_Extracted data_
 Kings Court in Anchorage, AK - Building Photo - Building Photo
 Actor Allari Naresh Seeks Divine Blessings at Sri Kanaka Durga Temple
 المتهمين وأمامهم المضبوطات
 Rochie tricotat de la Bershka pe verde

...

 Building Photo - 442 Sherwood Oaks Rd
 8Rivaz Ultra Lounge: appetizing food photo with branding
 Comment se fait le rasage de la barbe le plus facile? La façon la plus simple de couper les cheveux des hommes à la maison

_Exercise brief_
What is the number of lines in the listing above that hold "Building"? Respond with that number and nothing else.

_Exercise output_
2